TASK TO COMPLETE>
Return the listing below unchanged, except that the pictures are dropped.

DATA PROVIDED>
↓

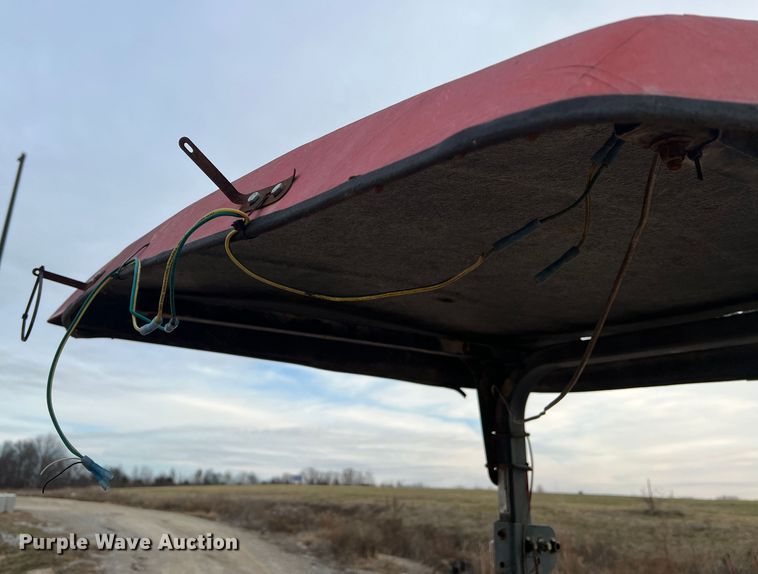 image for item JU9771 Kubota MX5100  MFWD tractor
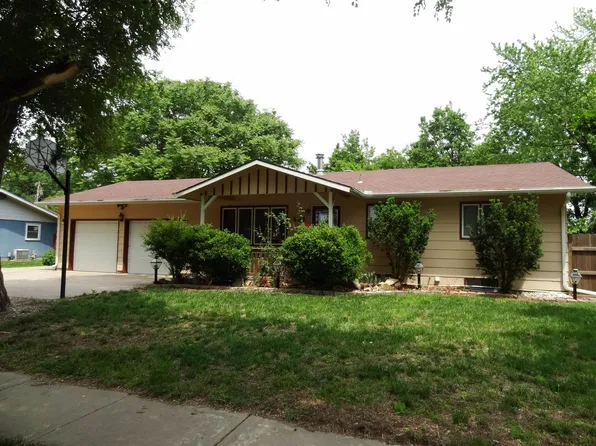 431 S McPherson St, Galva, KS 67443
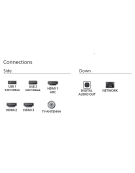 TV LED 50" 50PUD7408 GOOGLE TV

↑

RESPONSE FOR THIS EXERCISE>
 image for item JU9771 Kubota MX5100  MFWD tractor
 431 S McPherson St, Galva, KS 67443
 TV LED 50" 50PUD7408 GOOGLE TV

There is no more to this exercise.